Defense Negotiated Class Action Settlement with Florida Class Action Counsel Instead of California Class Action Counsel because of Leverage Over Class Counsel and Class Action Settlement Procedurally and Substantively Unfair Florida Federal Court Holds
Numerous class action and individual lawsuits were filed against Sharper Image alleging that its Ionic Breeze air purifier does not clean and purify the air as advertised and is harmful in that it omits excessive ozone; one such class action was filed in the Florida federal court and ultimately the parties sought court approval of a settlement of the class action. Figueroa v. Sharper Image Corp., ___ F.Supp.2d ___ [Slip Opn., at 1] (S.D. Fla. October 11, 2007). In broad terms, the class action settlement provided for $19 Sharper Image coupons or merchandise credits, an OzoneGuard “to protect against ozone emission,” injunctive relief, and $2 million for class counsel. Id., at 1-2. Defense attorneys stressed that the coupon represented the primary financial benefit to the class, not the OzoneGuard, id., at 2 n.2. The settlement provided to the court for final approval was the third amended class action settlement; the district court had given preliminary approval to an earlier version of the settlement agreement in January 2007, and a hearing on final approval of the proposed settlement was held in August 2007. Id., at 1. The federal court refused to approve the settlement.
The lawsuit was filed in May 2005 as a nationwide class action on behalf of purchasers of Sharper Image “ionizing air purifiers,” including the Ionic Breeze®, and sought damages for breach of contract, breach of warranty, money had and received, and unjust enrichment. Figueroa, at 2. In essence, the class action alleged that Sharper Image engaged in the “unlawful conduct of marketing and selling ionizing air purifiers that do not remove impurities from the air and that fail to perform as advertised and sold” and that “the ionizing air purifiers exposed consumers to hazardous levels of ozone.” Id. Defense attorneys moved to stay, dismiss or transfer the class action on the grounds that it simply copied several class action lawsuits filed in California; in response, plaintiffs’ lawyer sought leave to amend the complaint to add the inventor, Zenion Industries, as a party defendant, so the district court denied the defense motion as moot and granted plaintiffs leave to amend. Id., at 2-3. The federal court subsequently dismissed Zenion from the class action for lack of jurisdiction, id., at 5.

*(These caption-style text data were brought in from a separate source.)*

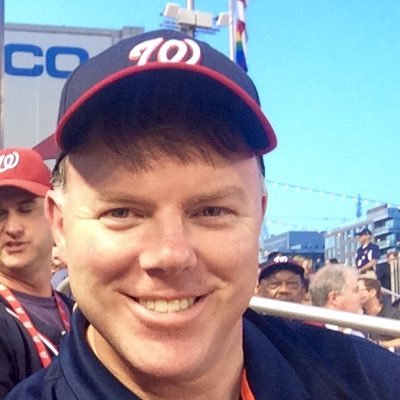 OldTownWally's profile picture. State legislative and regulatory expert. News junkie. 80's music aficionado. Husband. Father. Terp. Wolfpacker. Nats ⚾️ fan. 🇺🇦🇺🇸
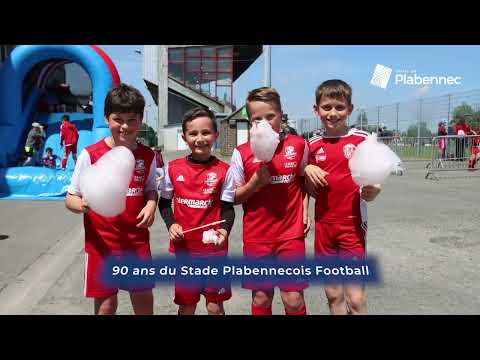 La rétrospective de l'année 2024 à Plabennec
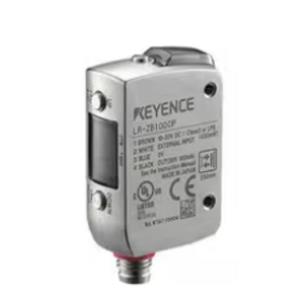 KEYENCE基恩士方形 反射型 M8连接器型 100mm LR-ZB100CN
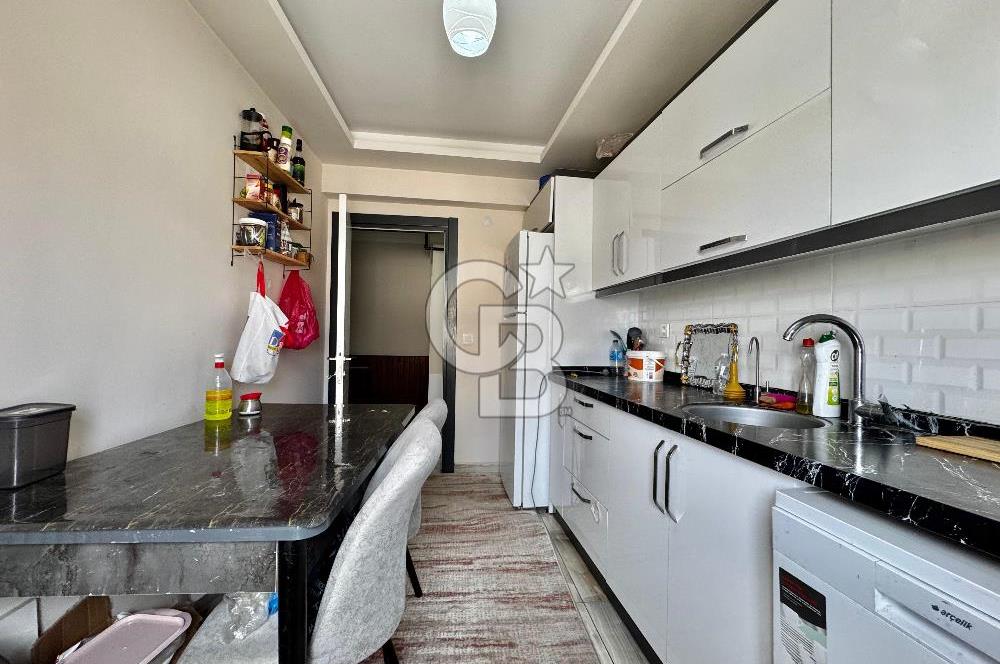Balçova İstinye Park Avm Yakını Satılık 4+1 Dubleks Daire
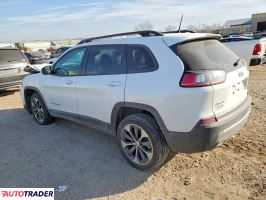 Jeep Cherokee 2022 2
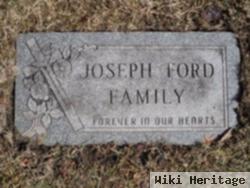 Joseph Ford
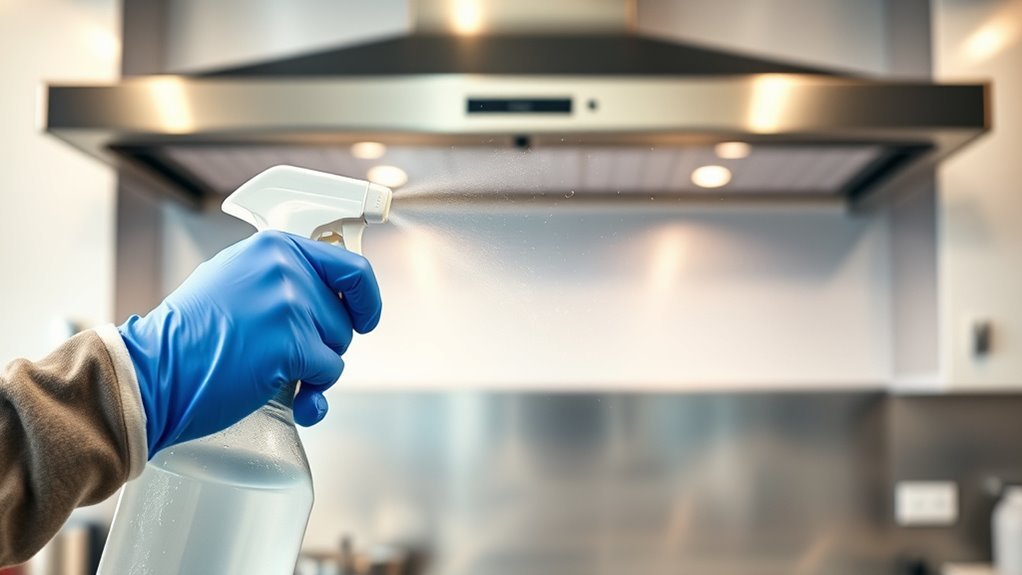 effective commercial stain removers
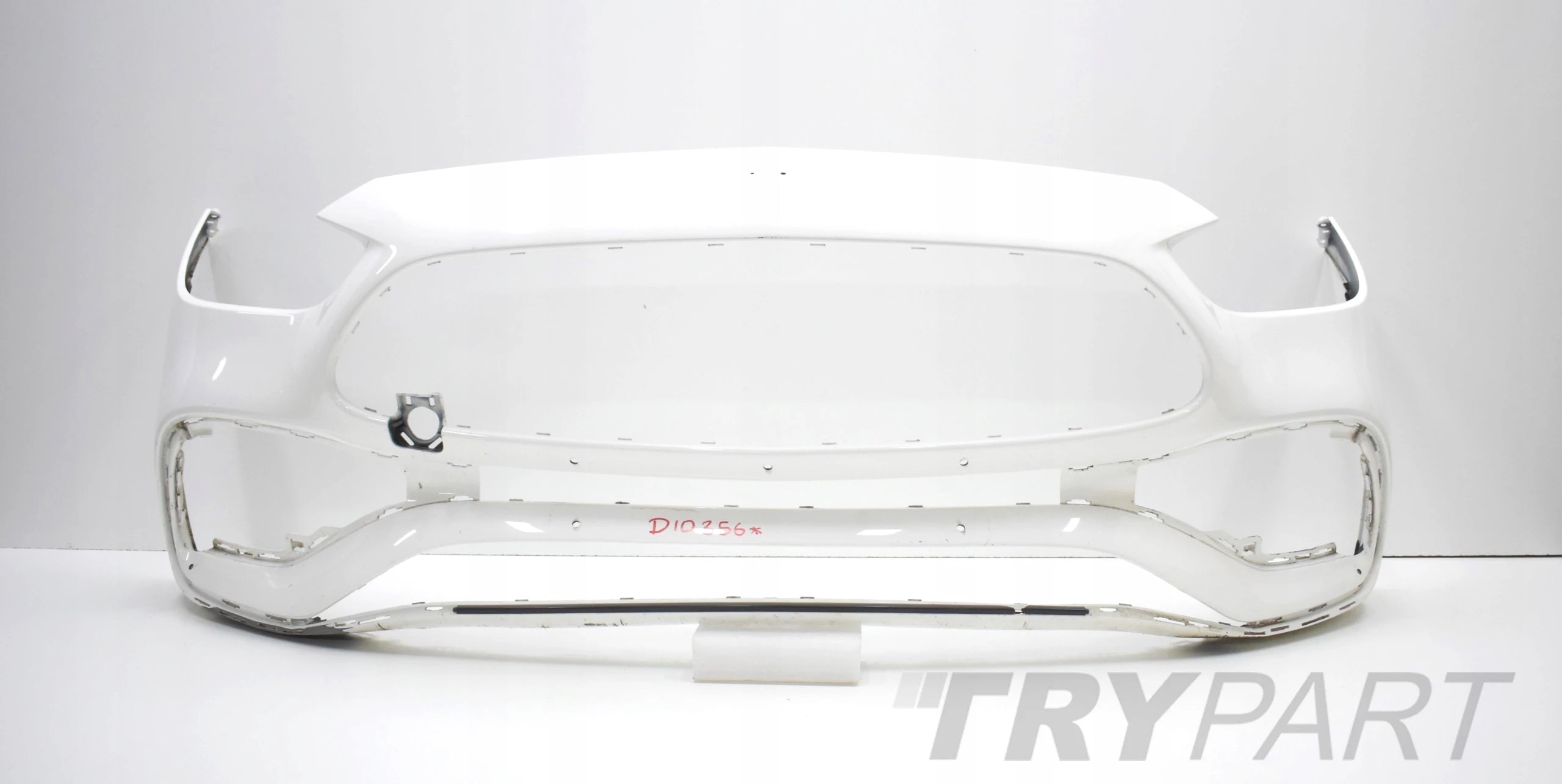 MERCEDES C-Class W206 AMG Front Bumper Original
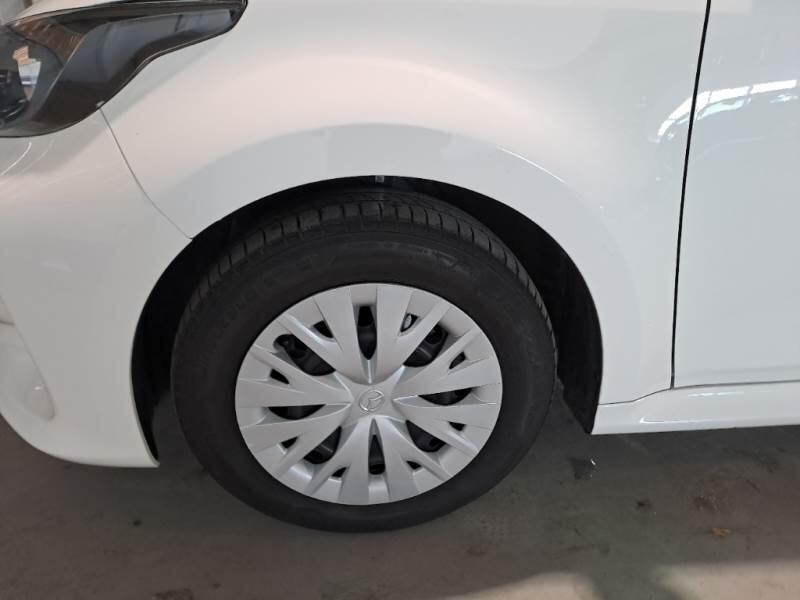 Mazda 2 Hybrid Berlina BERLINA FULL HYBRID ELECTRIC 1.5 VVT PURE - foto 20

Before the district court ruled on plaintiffs’ motion to certify the lawsuit as a class action, the parties advised the court that “an agreement on all aspects of the class claims on a nationwide basis, and that what remained to be resolved was the issue of attorney’s fees.” Figueroa, at 5. The court therefore continued the hearing on the class certification motion in order to allow the parties to present a “complete package” for approval by the court. Id. Soon thereafter, however, class counsel for the certified nationwide class action pending in California contacted the district court and advised that he had “reason to believe that the parties here are attempting to settle the claims belonging to the California Actions class, without the knowledge or consent of the class representatives or Class Counsel” and that the parties to the Florida class action had refused voluntarily to provide information in this regard. Id., at 5-6. California counsel also sought discovery of documents filed under seal with the Florida district court, id., at 5, and, following a hearing and over defense objection, the federal court ordered defense counsel to produce certain documents, id., at 6. At that time, the court expressed concern “with the parties’ practice of filing documents under seal in a purported class action lawsuit.” Id., at 6.
The parties filed a proposed class action settlement that, which the district court summarized at pages 6 and 7 as follows: “The essence of this first Settlement Agreement was to provide to class members, limit one per household, a $19 merchandise credit, valid for one year, for use at Sharper Image retail stores on Sharper Image branded products. The first Agreement also provided class members the ability to purchase (during a six-month period of time) an OzoneGuard attachment, for Ionic Breeze® floor models only, for $7. Sharper Image also agreed to make modifications with respect to its advertisements of the Ionic Breeze®, for example, to not state that the Ionic Breeze® is a medical device and to remove the British Allergy Foundation and the Asthma and Allergy Foundation of America seals from its advertising.” The parties also represented to the court that the Florida class action was “significantly broader” than the California class action, particularly as the California class actions were “limited to claims under California state law,” and jointly moved the court to enjoin competing class actions from proceeding “in order to facilitate an efficient and expeditious settlement and approval process, and to preserve the Court’s jurisdiction to adjudicate the settlement.” Id., at 7. The federal court characterized as a “consistent theme” the argument that Sharper Image “was on the verge of bankruptcy, and that the proposal then under consideration was the best deal that could be arranged.” Id., at 30.